Lors d’une entrevue réalisée avec un prêtre oblat qui parcourait le Sahtu, ce dernier exprimait l’opinion qu’une partie des problèmes sociaux des populations autochtones de cette région provenait du fait qu’ils apprenaient encore à vivre en communauté. Il soulignait alors que la plupart des familles maintenant sédentaires vivaient un mode de vie nomade à peine quelques décennies plus tôt. «On leur a demandé de faire en quelques années une transition qui a pris des siècles dans d’autres sociétés », expliquait-il.

Il s’agit là sûrement d’un facteur pouvant expliquer l’ampleur des problèmes sociaux. Mais il y en a plusieurs autres.

Non seulement ces personnes se sont-elles retrouvées à vivre dans des communautés, mais en plus, le mode de subsistance qui leur était offert était totalement différent. D’une société de cueilleurs vivant principalement de chasse et de pêche, ils se sont vus plongé dans une société de salariat où leurs connaissances traditionnelles ne trouvaient que peu d’applications et où les bons emplois leur échappaient.
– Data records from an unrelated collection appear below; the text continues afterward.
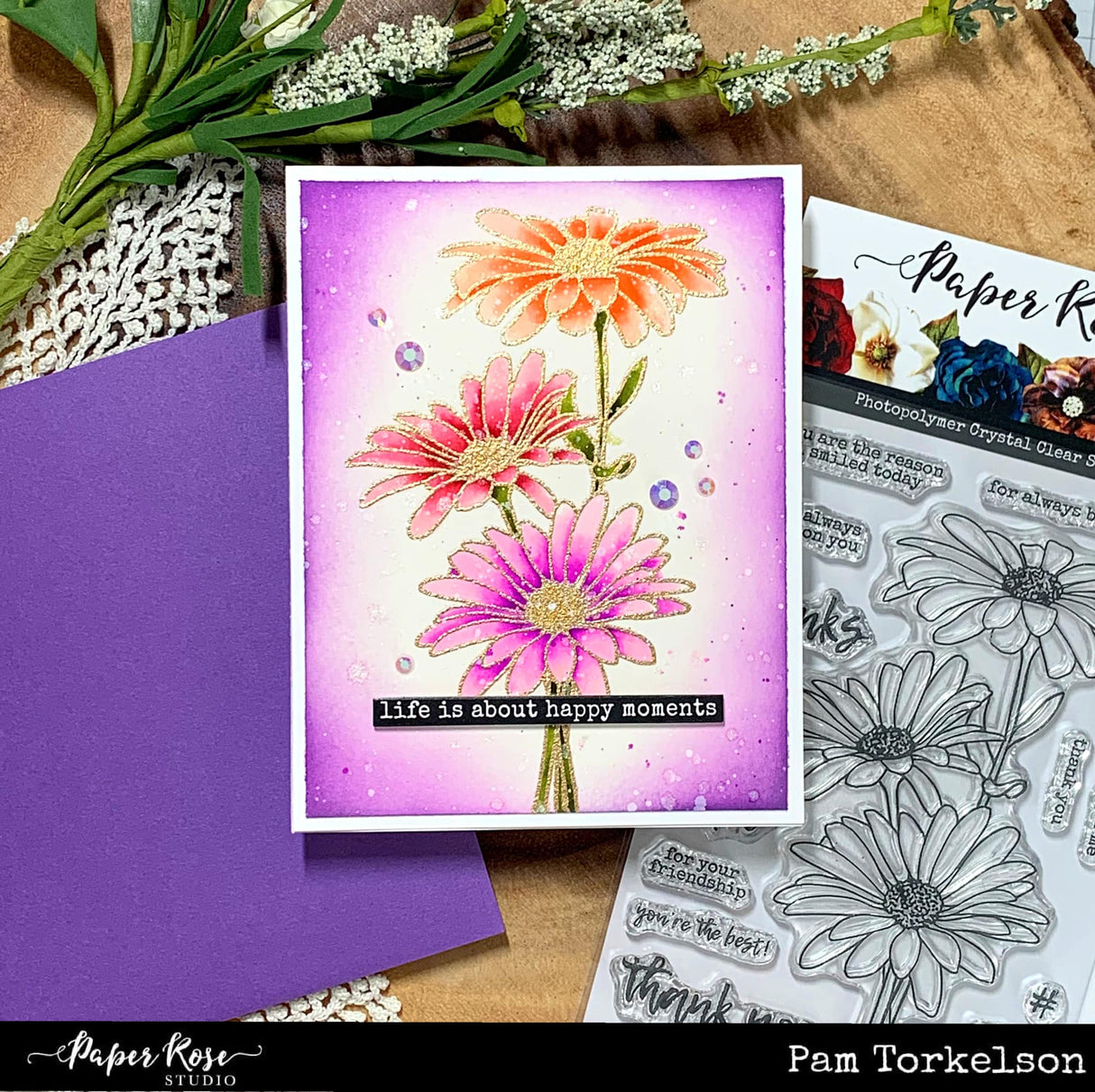 Daisy Bouquet 4x6" Clear Stamp Set 18493 - Paper Rose Studio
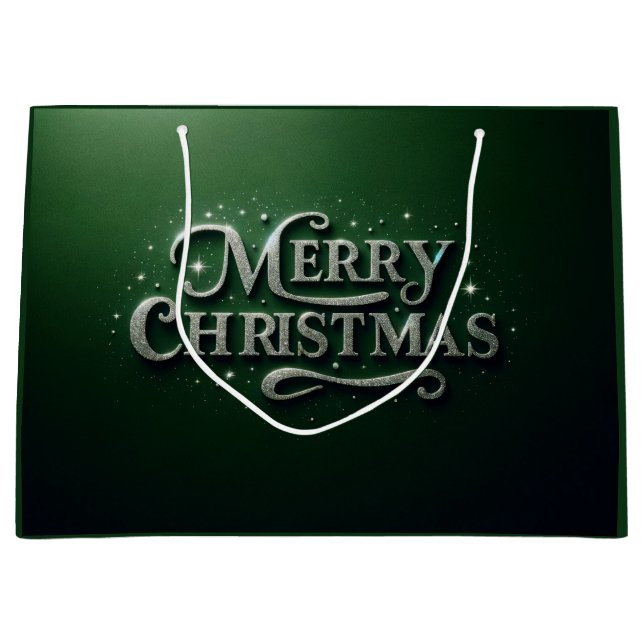 Sacola Para Presentes Grande Emerald Green "Feliz Natal" Gift Bag (Frente)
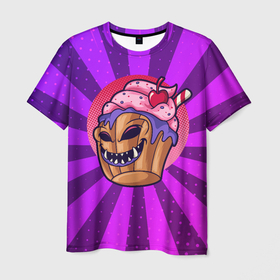 Мужская футболка 3D с принтом Зомби кекс , 100% полиэфир | прямой крой, круглый вырез горловины, длина до линии бедер | zombie | зомби | кекс | сладости | хэллоун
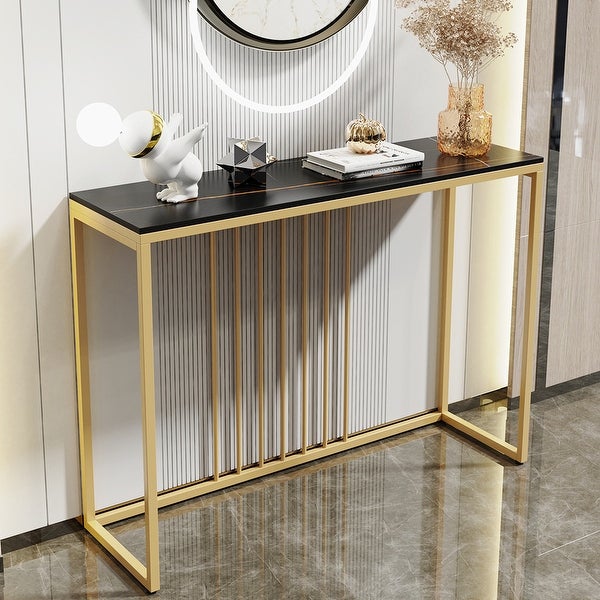 39-inch Wide Marble Entryway Entry Console Table Metal Frame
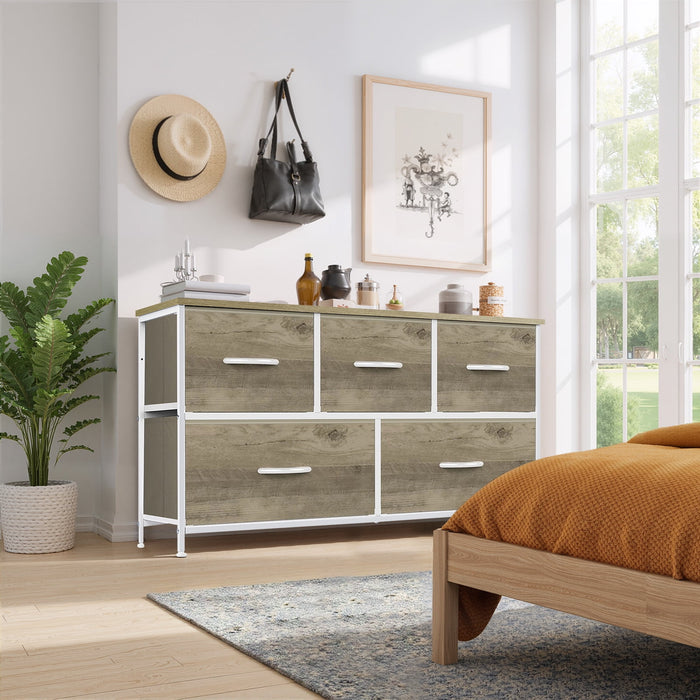Blorly 5 Drawers Dresser, Storage Dresser Organizer with Drawers, Chest of Drawers, Dresser with Metal Frame and Wood Tabletop for Bedroom, Guest Room, Closet, Entryway, Nursery, Smoked ash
Sans bagage académique ou même d’antécédents familiaux axés sur la réussite scolaire, les premières décennies de vie en communauté n’auront pas été très fertiles en obtention d’emplois rémunérateurs. Ne restait plus que le gouvernement et ses programmes d’aide sociale.

Déracinés et mal préparés pour vivre dans une société moderne aux emplois spécialisés, il est peu étonnant que les communautés autochtones voient passer le train du progrès économique sans grand enthousiasme et, surtout, sans grand espoir d’en être les grands bénéficiaires.
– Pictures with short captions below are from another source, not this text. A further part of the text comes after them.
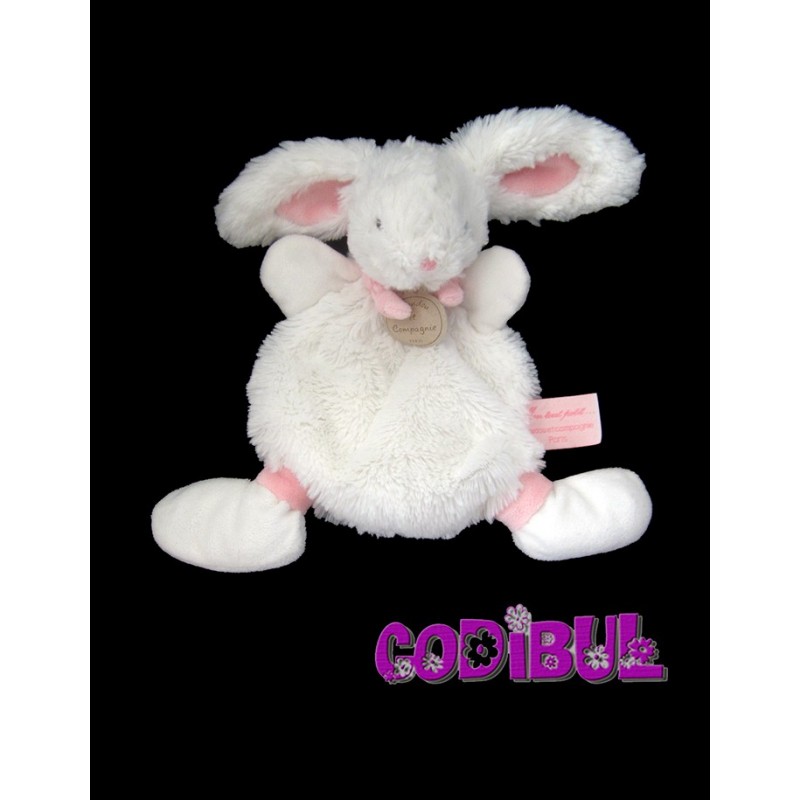 DOUDOU ET COMPAGNIE Doudou Lapin Bonbon blanc Rose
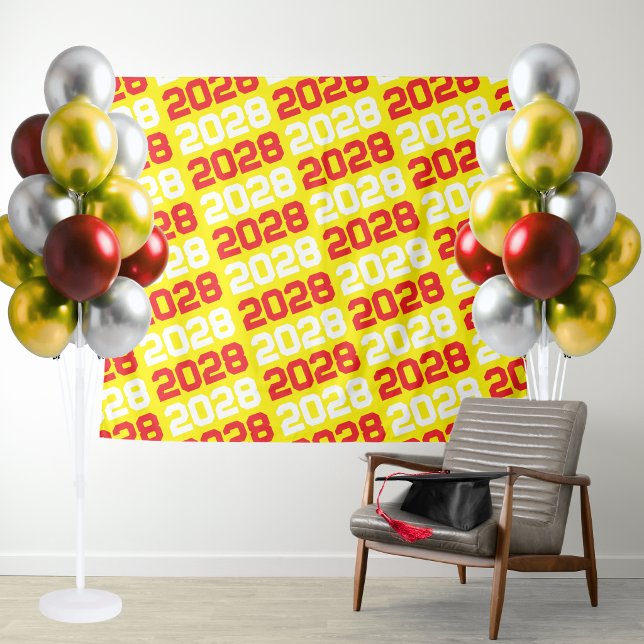 Hintergrund Gelb und Roter Abschluss Wandteppich (Red and Yellow Graduation Repeating Class Year Backdrop)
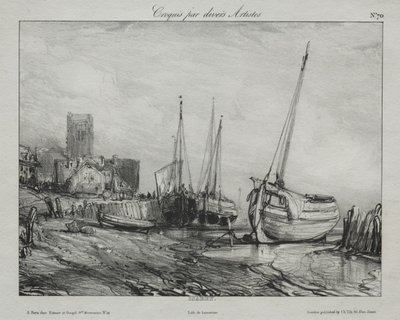 Fischerboote am Strand von Eugene Isabey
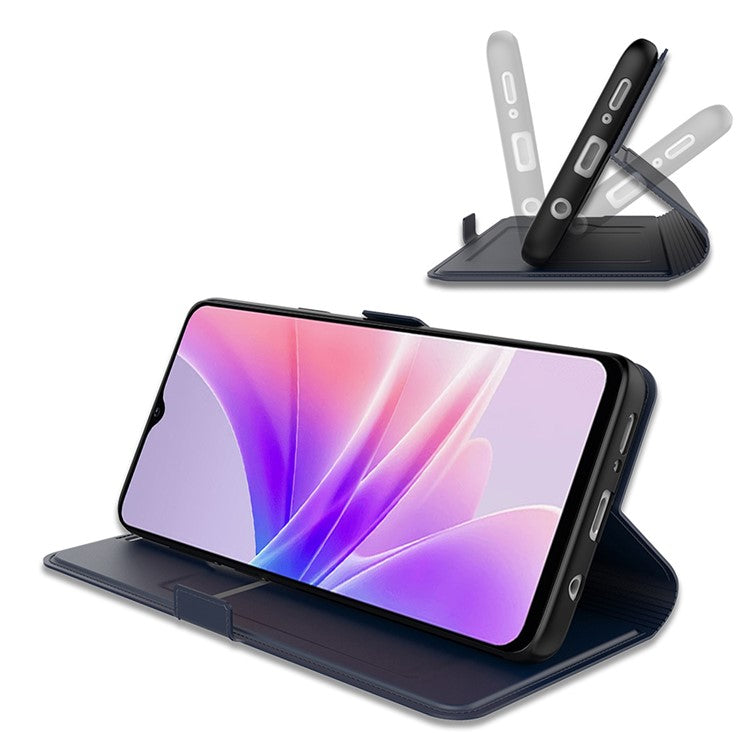 For vivo X Fold2 Anti-Scratch Shell Flip Phone Cover Card Slot PU Leather Stand Full Protection Phone Case - Blue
Il faut aussi mentionner que le dernier demi-siècle a vu apparaître plusieurs autres problèmes liés à l’ouverture de ce territoire au reste du monde, notamment les abus de drogue et d’alcool. C’est un problème dans le Sud et les populations du Nord en souffrent aussi.

S’attaquer aux problèmes sociaux du Nord dépasse l’usage de simples remèdes palliatifs du genre maisons d’hébergement ou centre de désintoxication qui ne s’attaquent pas aux causes du problème. Si on espère un jour s’en sortir, ce sera en s’attaquant aux causes plutôt qu’aux effets. Et ça, ça prendra pas mal de temps et ce ne sera pas facile.